Seni, budaya, antik, kuno, buku, lebih-lebih yang mengandung nilai sejarah, dipelihara dengan apik oleh negara. Menjadi bukti bahwa manusia berbudaya adalah mereka yang menghargai sejarah. Kehidupan masa lampau menjadi pilar bahwa manusia yang hidup bersamanya adalah manusia beradab. Itu disadari dan dilakukan oleh bangsa Hungaria di Budapest. Tetapi tidak oleh bangsa kita, Indonesia.
Rasa nelangsa, sedih, prihatin, bercampur marah saat membaca Kompas, 6 Oktober 2013 tentang nasib benda-benda masa lampau di museum-museum di Indonesia. Museum Nasional di Jakarta, adalah contohnya. "Museumnya museum ini" dengan enteng memberitakan pencurian koleksi barang-barang bernilai sangat tinggi. Hilangnya 4 benda emas warisan Kerajaan Mataram Kuno abad 10, membuat hati galau, penasaran, tak berkesudahan.
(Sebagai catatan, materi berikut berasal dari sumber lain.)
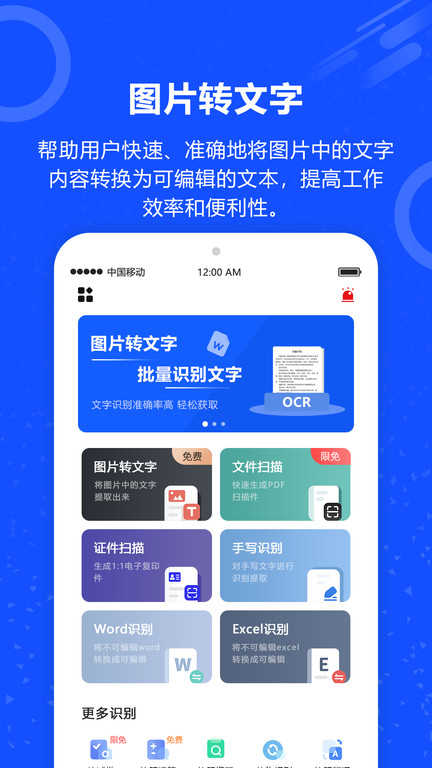 图片转文字ocr软件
Sangat menyedihkan, karena ini bukan merupakan kejadian yang pertama. Dugaan saya, juga bukan yang terakhir. Baru 3 tahun silam, 87 koleksi emas Museum Sonobudoyo, Yogjakarta raib tak berbekas. Sampai kini, barang-barang bersejarah itu entah ada di mana. Pencurinya pun tak jelas siapa. Masih banyak cerita serupa yang hanya bisa ditangisi belaka. Perhatian negara terhadap benda-benda seperti ini nyaris tak ada. Bahkan museum tertua di Indonesia, Radya Pustaka, Solo, kini lebih dikenal sebagai "museum replika", karena barang-barang asli telah banyak yang hilang diganti tiruan.
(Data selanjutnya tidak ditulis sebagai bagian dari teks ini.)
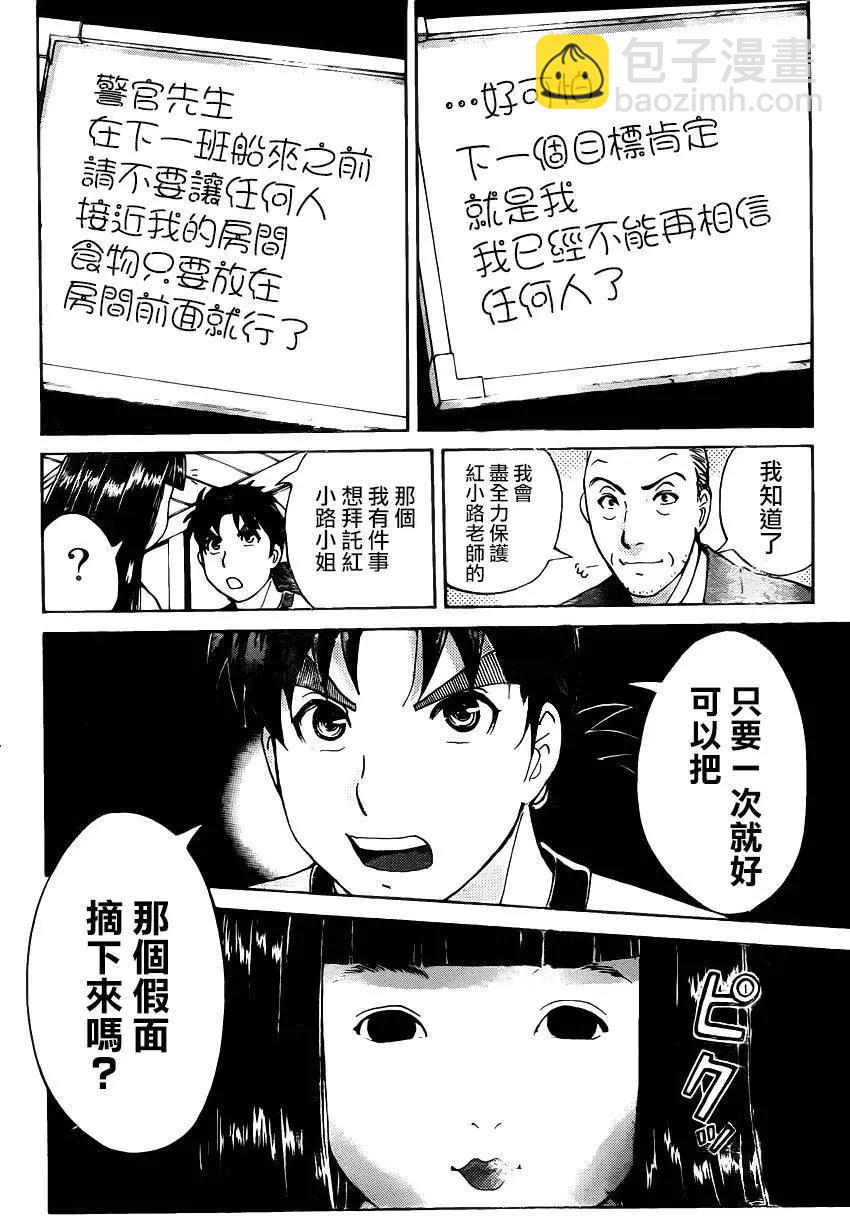 《金田一少年之事件簿R》人偶岛05 第16页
Nilai barang yang lenyap, di banyak museum di Indonesia, tak bisa dinilai dengan angka. Ia bernilai seni, bernilai budaya, bernilai sejarah. Ia bahkan merupakan peradaban itu sendiri. Berbeda dengan Hungaria yang sangat atentif terhadap "kehidupan" ini, bangsa Indonesia cuek bebek dalam menyikapinya. Bangunan kuno bersejarah tak terawat, terbengkelai tak terurus.  Banyak diantaranya bahkan dirobohkan diganti mall atau plaza yang menjadi traffic generator, penyebab kemacetan.
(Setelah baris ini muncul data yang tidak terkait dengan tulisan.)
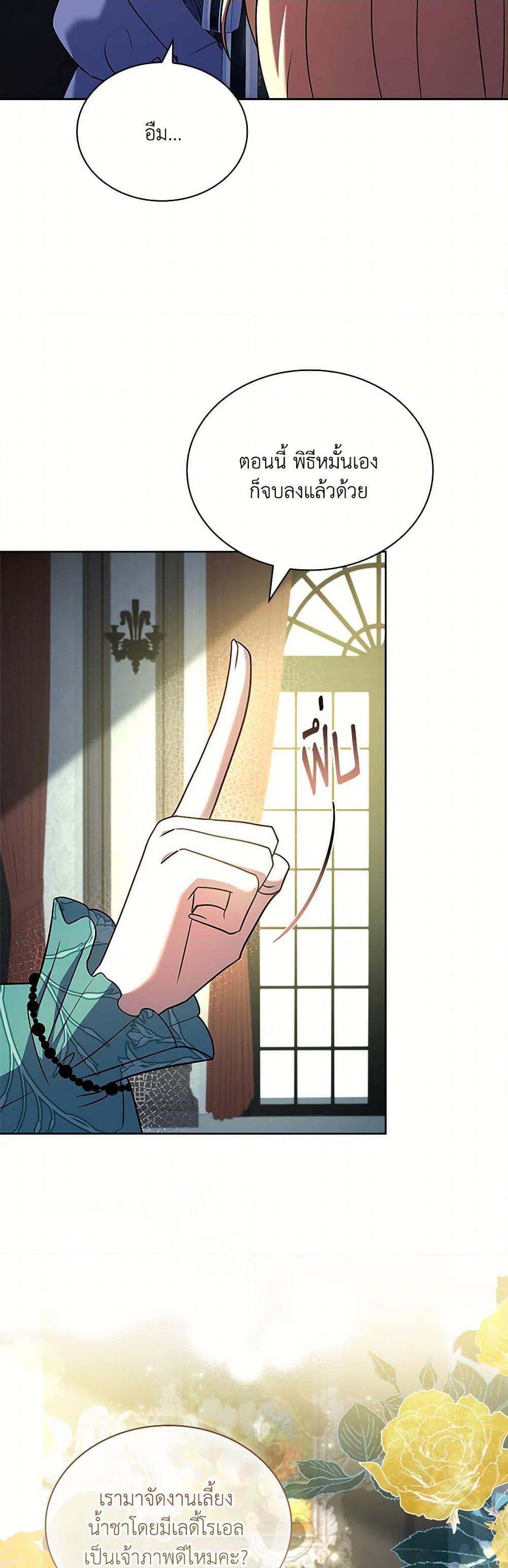 Manga-lc-com อ่านมังงะ อ่านการ์ตูน ออนไลน์ ฟรี Happy Sea World ตอนที่ 1 2 3 4 5 6 7 8 9 10 11 12 13 14 ฟรี ไม่มีโฆษณา Manga-lc - อ่าน มังงะ อ่าน การ์ตูน ออนไลน์ อ่านมังงะ ฟรี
"Budapest, ajarilah kami untuk menghargai barang peninggalan masa lampau. Ia akan menjadi tanda keberadaban kami sebagai suatu bangsa. Kami tertinggal jauh darimu". Demikian harapan kalbu yang terucap saat mengingat kota Budapest.   Harus diakui, kita bukan bangsa yang besar. Karena : "Bangsa yang besar adalah bangsa yang dapat menghargai sejarahnya".